À plus long terme, le Premier ministre souhaite – il n’est pas le premier – engager une profonde réforme du calcul des bases locatives, élaborées « en 1959 », a-t-il rappelé, et aujourd’hui « caduques ». « Sauf que cela fait 10 ans qu’on dit que c’est caduc et 10 ans qu’on ne réforme pas, parce que c’est épouvantablement technique », a ajouté Sébastien Lecornu. Il propose donc « d’amorcer quelque chose », en veillant à « protéger les élus et leur pouvoir de taux, à la hausse comme à la baisse », au nom de « la liberté locale et de la liberté fiscale ». 

Une déclaration d’intention qui va dans le sens de ce qu’a encore rappelé l’AMF pendant tout son congrès de la semaine dernière, et qui ferait presque oublier que Sébastien Lecornu est membre, depuis 2017, de tous les gouvernements depuis l’accession au pouvoir d’Emmanuel Macron – et qui ont, peut-être encore plus que les précédents, tout fait pour réduire à presque rien la « liberté locale et la liberté de taux »  des maires en transformant toujours plus d’impôts locaux en compensations distribuées par l’État. 

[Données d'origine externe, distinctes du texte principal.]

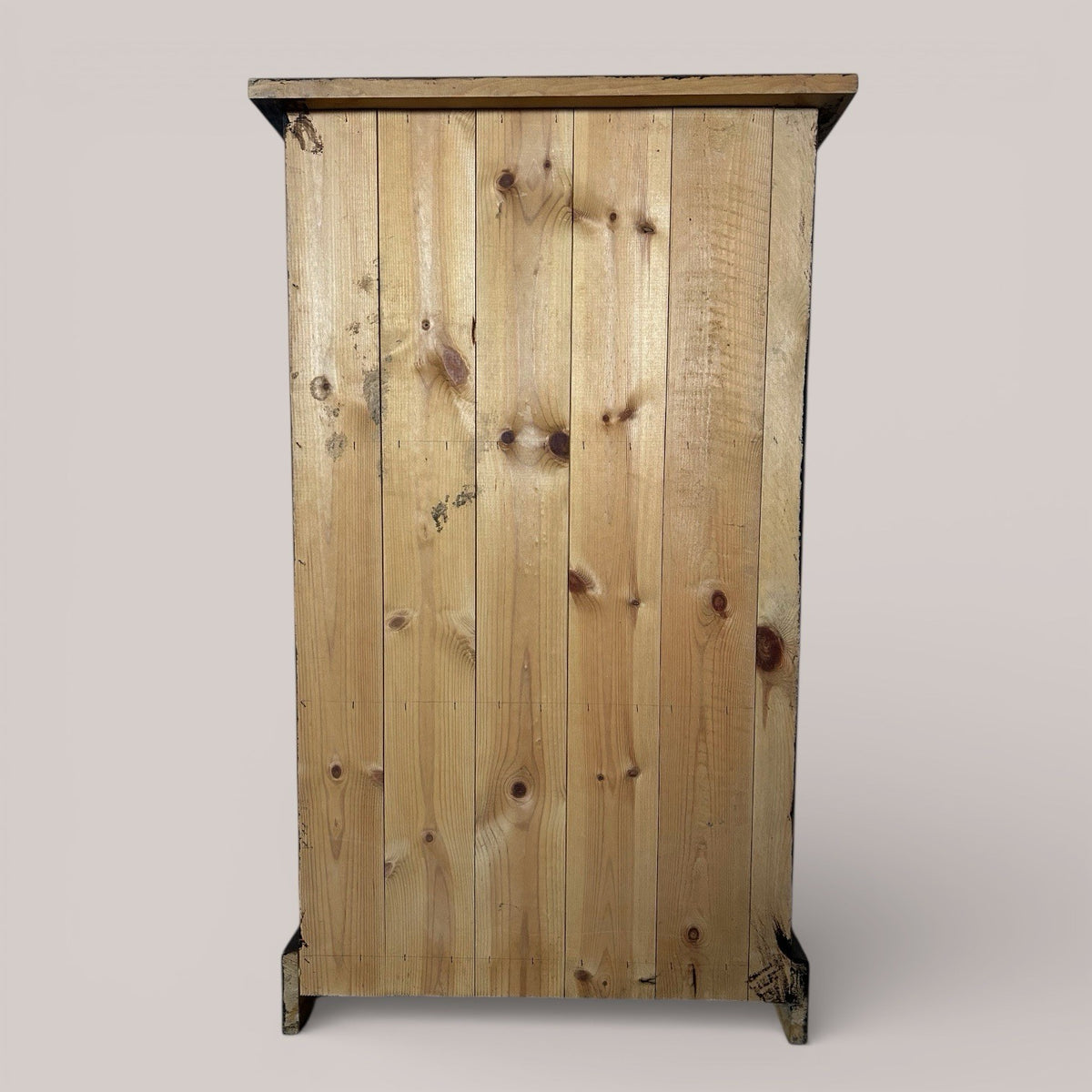 Stained Pine Small Bookcase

Ces déclarations amorcent-elles un vrai changement de cap ? Les discussions qui vont s’ouvrir entre gouvernement et associations d’élus permettront sans doute de le savoir très vite. Mais le fait que le Premier ministre, dans son discours de clôture du congrès de l’AMF, ne soit d’aucune façon revenu sur les ponctions annoncées dans le cadre du projet de loi de finances pour 2026 n’augure rien de bon.